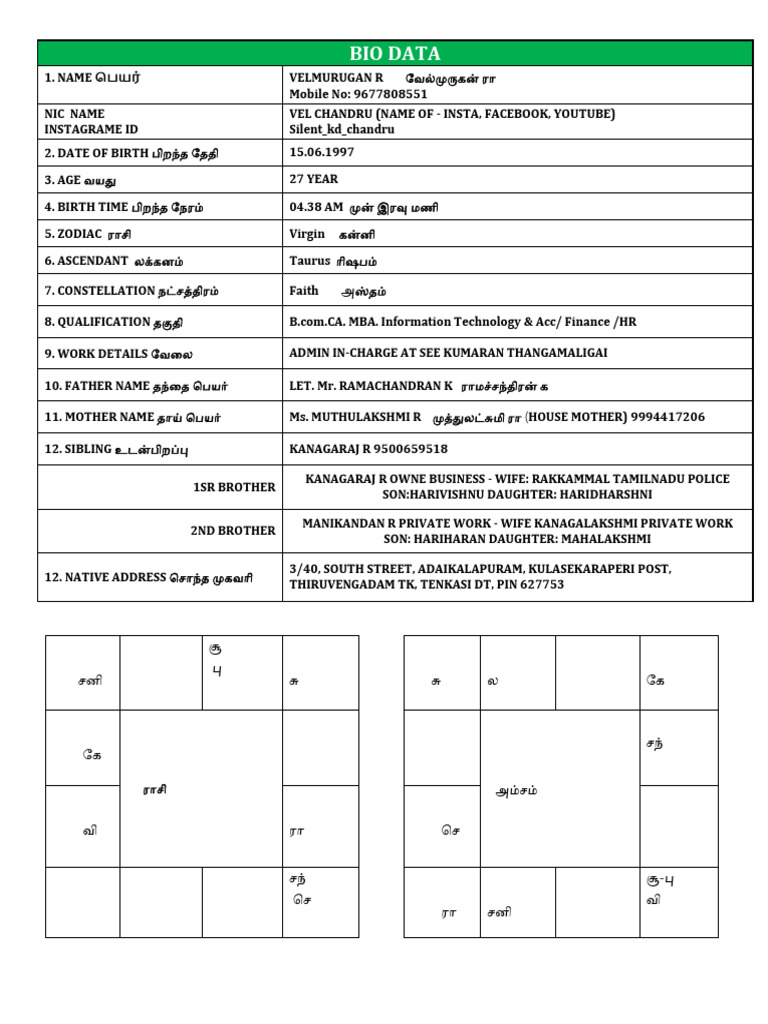 Bio Data | PDF
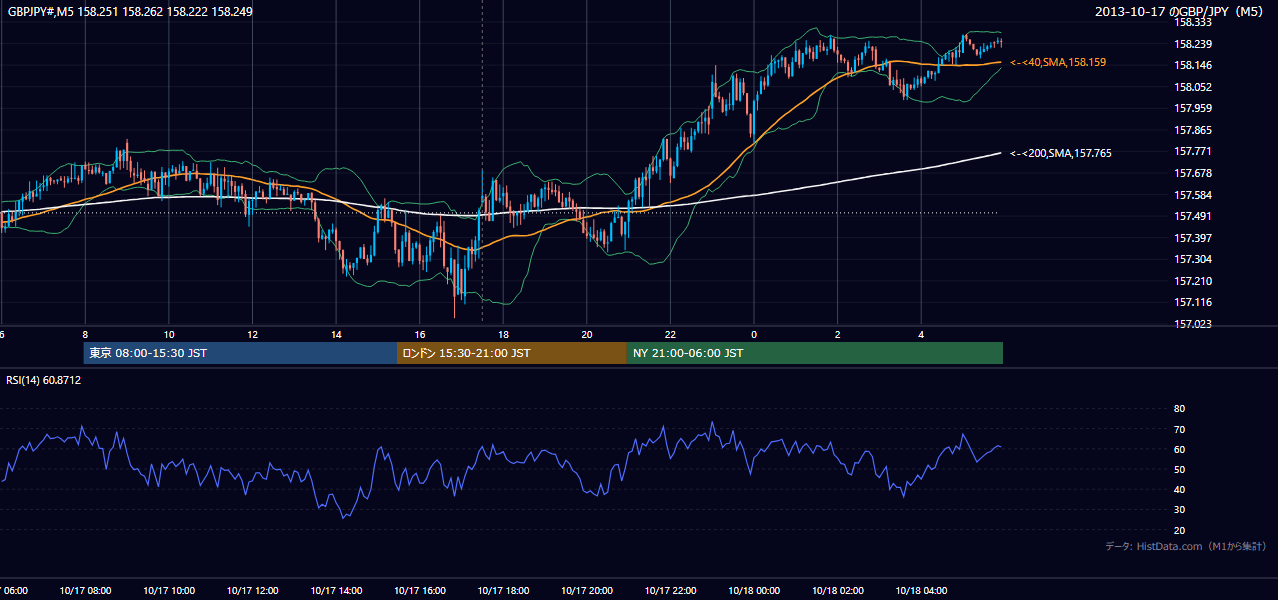 2013年10月17日(木) GBP/JPY 5分足チャート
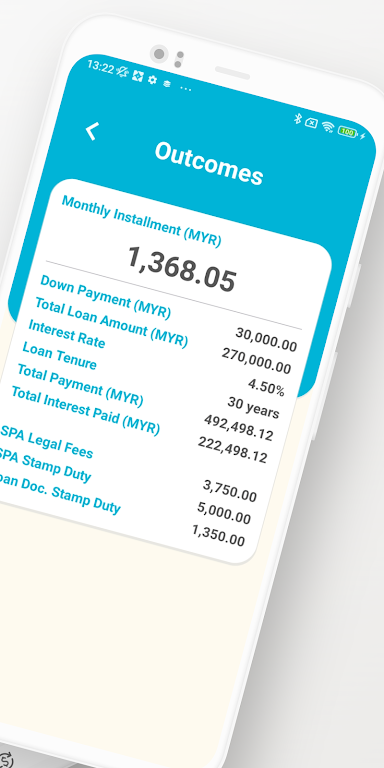 Home Loan Calculator, Malaysia  Screenshot 2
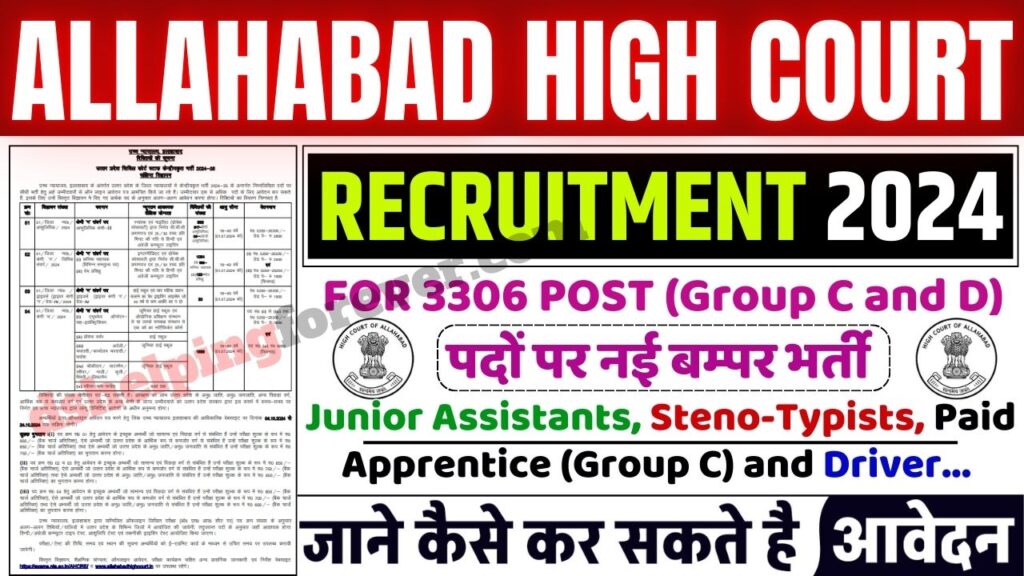 Allahabad High Court Recruitment 2024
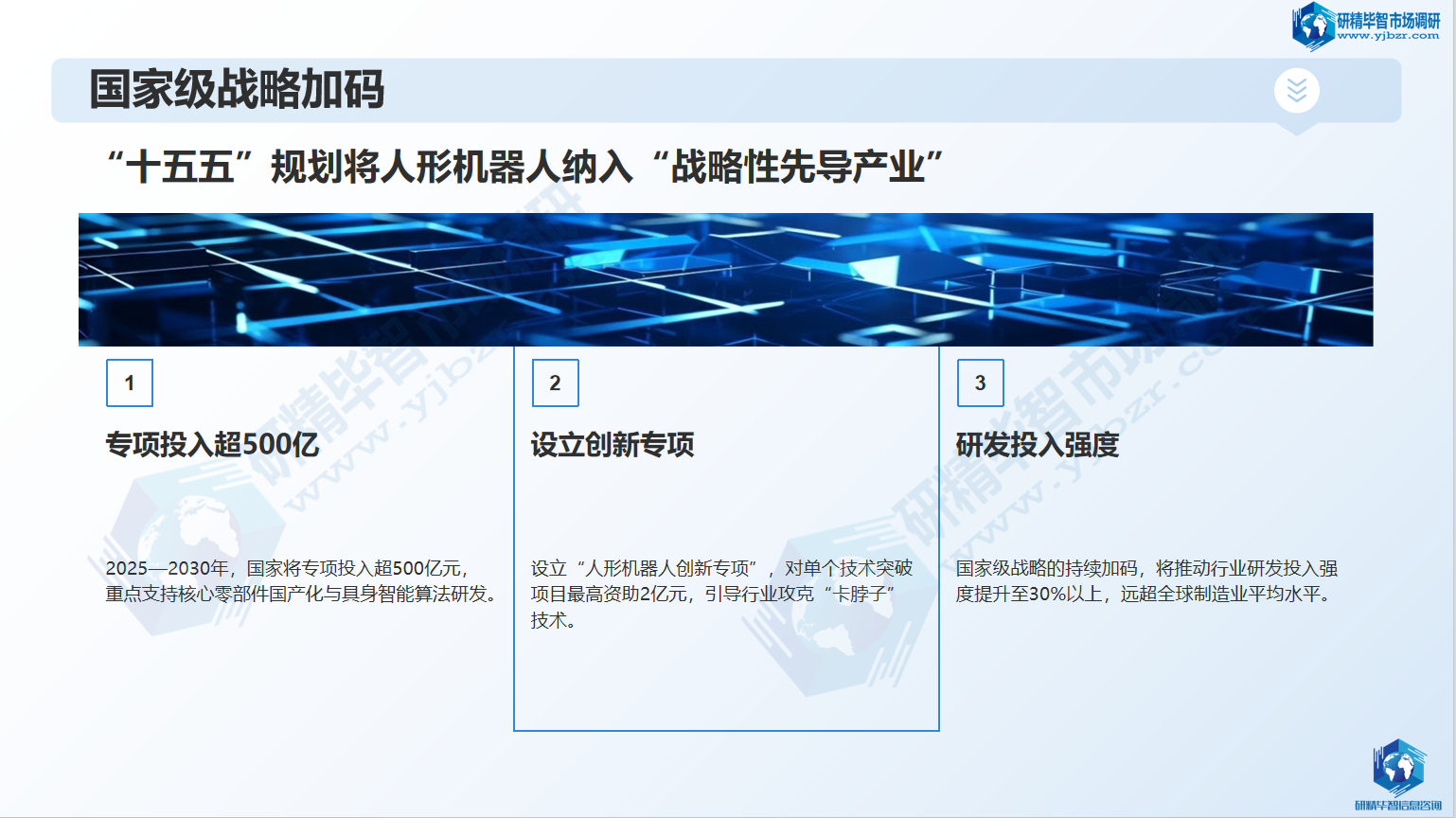 “十五五”规划将人形机器人纳入“战略性先导产业” “十五五”规划将人形机器人纳入“战略性先导产业”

--------------------------------------------------

■ **REQUIRED WORK**
Reproduce the entire listing exactly, but omit any pictures.

■ **ANSWER SPACE**
 Bio Data | PDF
 2013年10月17日(木) GBP/JPY 5分足チャート
 Home Loan Calculator, Malaysia  Screenshot 2
 Allahabad High Court Recruitment 2024
 “十五五”规划将人形机器人纳入“战略性先导产业” “十五五”规划将人形机器人纳入“战略性先导产业”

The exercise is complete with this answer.